On winter mornings in the UK, small black crows known as jackdaws (Coloeus monedula) call loudly to one another before taking off simultaneously around sunrise. Now, researchers who have studied their daily activities in detail found evidence that jackdaws rely on a “democratic” decision-making process to coordinate their actions before flying.
Jackdaws, which get their name from their brief “Jack”-like squawk, are found across Europe, North Africa, and Asia, and form big groups known as clatterings. They are small and have a distinctive silvery sheen to the backs of their heads and pale eyes. They are commonly found nesting in chimneys, buildings, rock crevices, and tree holes.
Previous studies on consensus decision-making in jackdaws have focused on smaller groups or those integrated by family members. However, jackdaws roost in big and diverse groups, with individuals of different ages, sexes, family groups, and colonies. Sticking together offers advantages, such as fewer risks of being hunted by other birds.
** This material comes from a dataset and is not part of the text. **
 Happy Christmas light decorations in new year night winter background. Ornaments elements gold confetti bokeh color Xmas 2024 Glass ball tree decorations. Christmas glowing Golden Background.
“As humans, large animal groups can use decision-making processes to overcome their individual differences and reach a kind of ‘democratic’ consensus,” Alex Thornton, one of the study’s authors and a researcher from the University of Exeter, told the BBC. “When a bird calls, it’s casting a vote or signaling it wants to leave.”
To better understand jackdaws, Thornton and his colleagues recorded hours and hours of audio and video of six different jackdaw roosts in the UK over the course of winter. The size of the roost varied from 160 to 1,500 individuals. The researchers quantified the intensity of the birds’ calls leading up to and right after they took off in flight.
The study’s findings showed that the timing of departure is linked to the calling intensity within the roost. While on a few mornings, the birds left in a stream of small groups for 20 minutes, most of the time they set out in mass departures. Hundreds of birds take off within four seconds of each other, forming a remarkable spectacle.
The researchers found that the calling intensity increased over the hour before the largest group departure. They concluded that changes in calling intensity might be used as a source of information, allowing birds to match their daily takeoffs. To confirm this, they played recordings to the birds, which triggered an earlier takeoff.
“Through their calls, jackdaws appear to effectively signal their willingness to leave, providing large groups with a means of achieving consensus to perform cohesive, collective departures from the roost,” the researchers wrote.
Up next, the team wants to further study jackdaws to understand how human activities, such as light and noise pollution, could be affecting group dynamics. Thornton told BBC that the birds’ abilities to communicate and reach consensus decisions, for example, could be altered by human activities in their environments.